*Assigned task*: Everything from the line containing "Learn about the" through the line containing "Montre homme gold plated fond blanc" should be repeated exactly, and nothing else from the data.

++++++++++++++++++++

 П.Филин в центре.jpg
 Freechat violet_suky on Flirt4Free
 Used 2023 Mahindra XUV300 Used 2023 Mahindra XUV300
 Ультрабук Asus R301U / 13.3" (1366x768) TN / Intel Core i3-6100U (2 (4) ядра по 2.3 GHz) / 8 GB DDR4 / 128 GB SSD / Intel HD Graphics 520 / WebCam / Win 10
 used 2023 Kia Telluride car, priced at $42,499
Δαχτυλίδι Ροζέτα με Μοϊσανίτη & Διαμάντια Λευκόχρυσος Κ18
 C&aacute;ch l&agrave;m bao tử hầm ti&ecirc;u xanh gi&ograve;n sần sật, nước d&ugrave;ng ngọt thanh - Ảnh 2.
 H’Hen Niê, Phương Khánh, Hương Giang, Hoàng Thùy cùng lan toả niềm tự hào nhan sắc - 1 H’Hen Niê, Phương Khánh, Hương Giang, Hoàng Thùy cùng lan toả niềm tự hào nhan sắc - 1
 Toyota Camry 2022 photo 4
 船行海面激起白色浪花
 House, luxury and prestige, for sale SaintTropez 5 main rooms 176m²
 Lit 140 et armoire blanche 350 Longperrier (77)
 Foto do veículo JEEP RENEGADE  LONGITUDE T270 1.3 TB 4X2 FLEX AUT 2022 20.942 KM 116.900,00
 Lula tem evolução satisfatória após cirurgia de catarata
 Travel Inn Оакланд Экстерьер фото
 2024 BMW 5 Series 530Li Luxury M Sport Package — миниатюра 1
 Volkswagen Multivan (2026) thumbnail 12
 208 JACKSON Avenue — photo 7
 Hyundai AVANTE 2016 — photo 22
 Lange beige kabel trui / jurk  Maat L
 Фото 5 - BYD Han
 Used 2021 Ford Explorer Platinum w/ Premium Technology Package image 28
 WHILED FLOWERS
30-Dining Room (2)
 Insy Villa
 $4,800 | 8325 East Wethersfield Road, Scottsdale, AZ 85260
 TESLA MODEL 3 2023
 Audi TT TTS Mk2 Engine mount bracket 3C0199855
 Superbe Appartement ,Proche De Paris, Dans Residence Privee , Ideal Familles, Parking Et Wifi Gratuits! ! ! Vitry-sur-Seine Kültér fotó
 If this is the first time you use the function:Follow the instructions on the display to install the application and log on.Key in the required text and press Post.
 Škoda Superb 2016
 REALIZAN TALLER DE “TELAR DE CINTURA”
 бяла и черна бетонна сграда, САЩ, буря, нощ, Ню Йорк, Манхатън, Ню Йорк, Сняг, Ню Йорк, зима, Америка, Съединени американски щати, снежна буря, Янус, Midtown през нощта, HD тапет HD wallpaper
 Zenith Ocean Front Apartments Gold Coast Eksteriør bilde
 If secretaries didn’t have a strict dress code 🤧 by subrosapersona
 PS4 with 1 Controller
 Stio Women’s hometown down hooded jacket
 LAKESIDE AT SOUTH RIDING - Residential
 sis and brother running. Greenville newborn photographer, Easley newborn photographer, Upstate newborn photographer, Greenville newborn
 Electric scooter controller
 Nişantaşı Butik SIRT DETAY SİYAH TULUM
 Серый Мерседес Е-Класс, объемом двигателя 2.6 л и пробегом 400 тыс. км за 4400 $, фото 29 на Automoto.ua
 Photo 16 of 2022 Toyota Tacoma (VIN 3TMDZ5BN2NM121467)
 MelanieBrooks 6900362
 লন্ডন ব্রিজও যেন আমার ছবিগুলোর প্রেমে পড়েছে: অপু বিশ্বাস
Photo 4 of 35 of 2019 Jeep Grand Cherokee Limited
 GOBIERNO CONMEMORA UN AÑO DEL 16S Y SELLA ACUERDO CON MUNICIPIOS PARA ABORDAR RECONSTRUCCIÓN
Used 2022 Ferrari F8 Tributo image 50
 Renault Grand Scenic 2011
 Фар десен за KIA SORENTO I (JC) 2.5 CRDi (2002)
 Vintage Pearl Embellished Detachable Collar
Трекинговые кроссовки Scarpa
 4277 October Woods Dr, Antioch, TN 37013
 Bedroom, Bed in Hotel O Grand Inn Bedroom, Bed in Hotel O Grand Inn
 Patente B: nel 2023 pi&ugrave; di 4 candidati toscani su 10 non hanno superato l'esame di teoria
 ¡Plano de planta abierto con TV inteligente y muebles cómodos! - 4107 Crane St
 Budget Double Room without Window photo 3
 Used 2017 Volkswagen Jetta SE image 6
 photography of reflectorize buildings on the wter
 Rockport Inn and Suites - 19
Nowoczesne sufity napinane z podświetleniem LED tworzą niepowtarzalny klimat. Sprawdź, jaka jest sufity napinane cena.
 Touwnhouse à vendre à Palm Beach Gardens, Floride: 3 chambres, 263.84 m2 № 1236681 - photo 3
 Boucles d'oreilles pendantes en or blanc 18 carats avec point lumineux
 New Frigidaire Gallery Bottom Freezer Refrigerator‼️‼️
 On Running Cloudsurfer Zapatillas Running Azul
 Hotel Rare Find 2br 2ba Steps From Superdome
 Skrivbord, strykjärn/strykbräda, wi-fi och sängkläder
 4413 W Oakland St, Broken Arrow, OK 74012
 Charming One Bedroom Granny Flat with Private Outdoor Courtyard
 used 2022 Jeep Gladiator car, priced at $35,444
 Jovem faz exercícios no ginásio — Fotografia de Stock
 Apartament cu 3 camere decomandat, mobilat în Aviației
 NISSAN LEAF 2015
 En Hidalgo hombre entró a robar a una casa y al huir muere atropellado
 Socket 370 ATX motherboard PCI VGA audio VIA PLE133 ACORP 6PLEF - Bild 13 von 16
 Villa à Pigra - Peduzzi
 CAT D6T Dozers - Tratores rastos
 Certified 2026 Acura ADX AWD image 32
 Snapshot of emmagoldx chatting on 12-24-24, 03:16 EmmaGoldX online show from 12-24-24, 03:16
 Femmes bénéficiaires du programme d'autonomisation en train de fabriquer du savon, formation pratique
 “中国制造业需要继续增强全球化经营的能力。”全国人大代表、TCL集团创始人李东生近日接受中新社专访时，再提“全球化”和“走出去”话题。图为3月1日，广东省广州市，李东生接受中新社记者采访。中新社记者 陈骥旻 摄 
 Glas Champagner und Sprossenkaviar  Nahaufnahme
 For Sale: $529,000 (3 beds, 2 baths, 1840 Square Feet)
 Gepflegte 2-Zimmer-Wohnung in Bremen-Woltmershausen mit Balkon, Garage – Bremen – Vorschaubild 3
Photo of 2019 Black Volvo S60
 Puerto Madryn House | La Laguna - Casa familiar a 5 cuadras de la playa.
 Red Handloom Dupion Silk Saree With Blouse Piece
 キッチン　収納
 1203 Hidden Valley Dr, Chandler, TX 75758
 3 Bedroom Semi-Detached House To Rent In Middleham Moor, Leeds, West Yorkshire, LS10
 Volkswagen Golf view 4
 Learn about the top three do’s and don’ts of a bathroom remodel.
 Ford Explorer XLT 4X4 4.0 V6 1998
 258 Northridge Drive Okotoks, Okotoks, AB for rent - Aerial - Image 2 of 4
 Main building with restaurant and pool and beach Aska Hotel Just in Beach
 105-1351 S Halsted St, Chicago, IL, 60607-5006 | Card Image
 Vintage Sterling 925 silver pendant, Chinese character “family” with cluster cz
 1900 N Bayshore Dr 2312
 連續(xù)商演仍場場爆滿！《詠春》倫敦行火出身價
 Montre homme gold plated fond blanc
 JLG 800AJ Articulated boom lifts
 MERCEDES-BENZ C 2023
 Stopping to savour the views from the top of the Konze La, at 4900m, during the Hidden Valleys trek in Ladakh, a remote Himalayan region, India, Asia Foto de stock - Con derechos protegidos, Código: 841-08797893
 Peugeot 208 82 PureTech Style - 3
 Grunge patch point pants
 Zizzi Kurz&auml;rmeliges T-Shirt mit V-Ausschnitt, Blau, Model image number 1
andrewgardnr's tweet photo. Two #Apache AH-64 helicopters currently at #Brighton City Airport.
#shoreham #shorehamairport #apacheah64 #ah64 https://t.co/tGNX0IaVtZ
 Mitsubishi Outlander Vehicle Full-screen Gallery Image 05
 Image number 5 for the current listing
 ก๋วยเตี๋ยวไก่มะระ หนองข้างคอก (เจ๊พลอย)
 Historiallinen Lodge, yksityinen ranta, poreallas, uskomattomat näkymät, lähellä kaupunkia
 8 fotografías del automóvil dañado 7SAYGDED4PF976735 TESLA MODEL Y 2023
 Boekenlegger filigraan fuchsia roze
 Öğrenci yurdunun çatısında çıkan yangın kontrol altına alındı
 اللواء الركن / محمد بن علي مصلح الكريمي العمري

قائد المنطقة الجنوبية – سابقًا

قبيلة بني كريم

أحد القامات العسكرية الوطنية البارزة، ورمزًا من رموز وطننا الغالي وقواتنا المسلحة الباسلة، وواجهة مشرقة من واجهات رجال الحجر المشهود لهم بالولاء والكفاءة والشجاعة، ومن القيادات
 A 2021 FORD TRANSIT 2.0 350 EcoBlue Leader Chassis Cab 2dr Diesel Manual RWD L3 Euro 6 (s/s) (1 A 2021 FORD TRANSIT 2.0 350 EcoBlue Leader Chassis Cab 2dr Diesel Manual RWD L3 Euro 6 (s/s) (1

++++++++++++++++++++

*Output of the task*:
 Learn about the top three do’s and don’ts of a bathroom remodel.
 Ford Explorer XLT 4X4 4.0 V6 1998
 258 Northridge Drive Okotoks, Okotoks, AB for rent - Aerial - Image 2 of 4
 Main building with restaurant and pool and beach Aska Hotel Just in Beach
 105-1351 S Halsted St, Chicago, IL, 60607-5006 | Card Image
 Vintage Sterling 925 silver pendant, Chinese character “family” with cluster cz
 1900 N Bayshore Dr 2312
 連續(xù)商演仍場場爆滿！《詠春》倫敦行火出身價
 Montre homme gold plated fond blanc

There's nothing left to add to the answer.